January 18, 2013

Reuse for Dead Trees & Seedlings

In the last post I told you about our newly established tradition for cutting the spent Christmas tree into firewood to be used in the wood stove on the next winter solstice. But what about all the dropped needles? Excellent smelling fire starters, if you please. Here's how.
Pull some old newspaper out of the recycling / craft bin. Open up one full sheet. Put a handful of Xmas tree needles in the center.
Fold the bottom point of the newspaper sheet over the needles, about a hands width  down from the top point of the newspaper.
 Fold the left and right corners in a bit to form a little pocket or envelope to contain the needles.
Lift the whole package up and tap the bottom edge against your work surface to settle the needles. Then roll it from bottom to top like a burrito.
Using both hands, twist down the entire length of your Xmas tree needle burrito.
Tie the two ends of the twist into a loose knot. That's it. Use them now or save for next winter. The needles are trapped securely inside your fire starter paper twists.

While you have the old newspaper out, why not make some seedling starter pots, too? I followed this tutorial at All Our Days. Pictured below are four finished pots folded flat for storage inside a fifth origami newspaper pot. The leftover strips of paper will go back into the newspaper drawer.
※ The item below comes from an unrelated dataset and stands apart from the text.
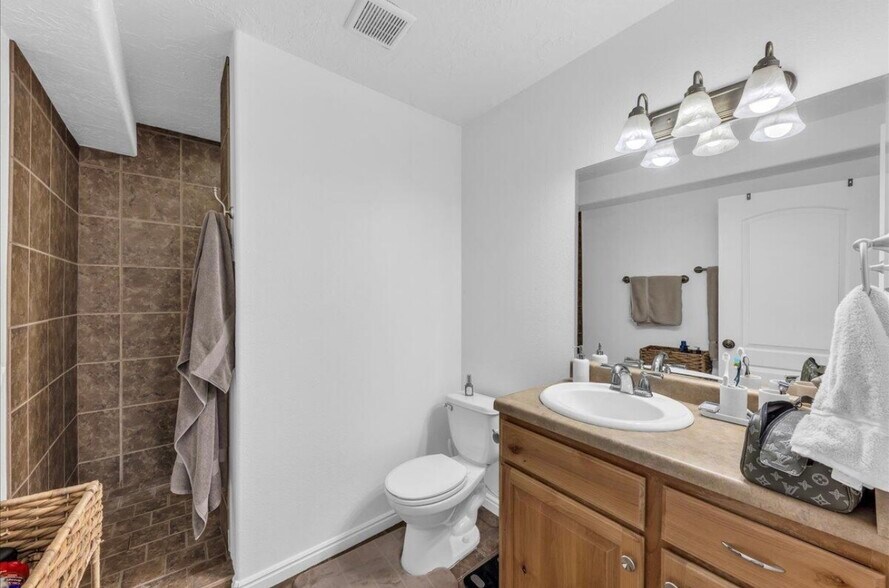 Building Photo - 1277 W Las Hurdes Dr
You never know when the papier mâché urge will strike. The beauty of these pots? No need to remove your tender seedlings for replanting. Simply remove the bottom of the pot (presumably soggy and easy to tear) and plant the rest of the package in the ground deep enough to cover the top edge of the paper with soil. The newspaper will biodegrade naturally and possibly offer a temporary barrier to encourage deep growth of the new roots.
I must admit that I am a little skeptical. The toilet paper roll seed starters I used last spring became moldy before it was time to replant outside. I'm afraid the paper might do the same. Nonetheless, I plan to try these this year.
The thick tabs on the two sides tend to spring back up. I assume the tabs will stay in place once the pots are filled with soil or seed starter mix. Has anyone tried newspaper pots before? Any luck?
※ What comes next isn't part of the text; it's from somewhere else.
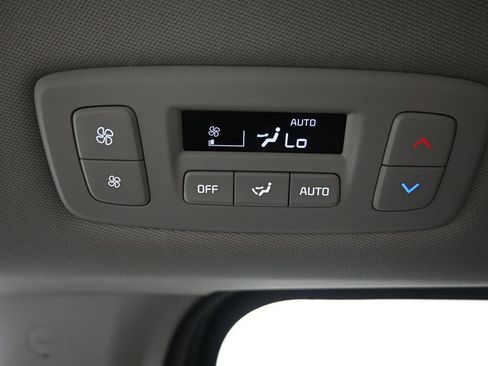 New 2026 Kia Carnival LXS FWD image 29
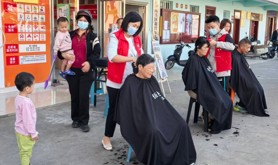 坡头区南调街道海盛社区工会驿站开展“爱心义剪”活动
  1. Hi Laurie, Momma Rosa here. I've used old muffin (cupcake)tins for both homemade cardboard and newspaper seedling starters, and they're helpful in lots of ways: they support the pots keeping them upright, keep from overwatering the seedlings as the indentations in the tins will allow only so much water before overflowing, the spacing of the indentations allow for great airflow between the pots avoiding alot of the molding, the tins are sturdy and allow rotating the pots to achieve best sunlight, a dozen pots at a time. By placing a short branch-about 3 to 4 inches higher than the pot rim, and stretching clear, used plastic wrap (like bread bags sliced open to be flat, etc.)over the pots and edges of the tin you can make a minny greenhouse, remembering to vent the collected moisture for a short time daily to avoid mold. When the weather is right and the seedlings are ready to be hardened off, it's very easy to transport the tinned pots to a homemade cold frame, a dozen plants at a time, and to rotate and re-position the seedlings in the cold frame--once again a dozen at a time. When the plants are finally in the garden just rinse out the tins and store them until needed. Old muffin tins are generally easy to find at rummage or yard sales, often found in the "free" box as many folks think that being rusty or dented the tins are useless. To that I say HAH! Those tins are so very handy to sort out small items. With a cut-to-fit recycled cardboard cover they stack-up nicely. And they're great for keeping at hand small craft items as you're creating a masterpiece! Actually, you may find that those tins are in constant use year round! Bonus-no unused items cluttering the house!

    1. Wonderful ideas! Thank you, oh greenest thumb in the North Woods. I actually have an old muffin tin in the closet waiting for a makeover to become a desk drawer organizer. Only thing is, my desk is really just a table - no drawers to be organized! I'll let you know how it works out with my newspaper pots.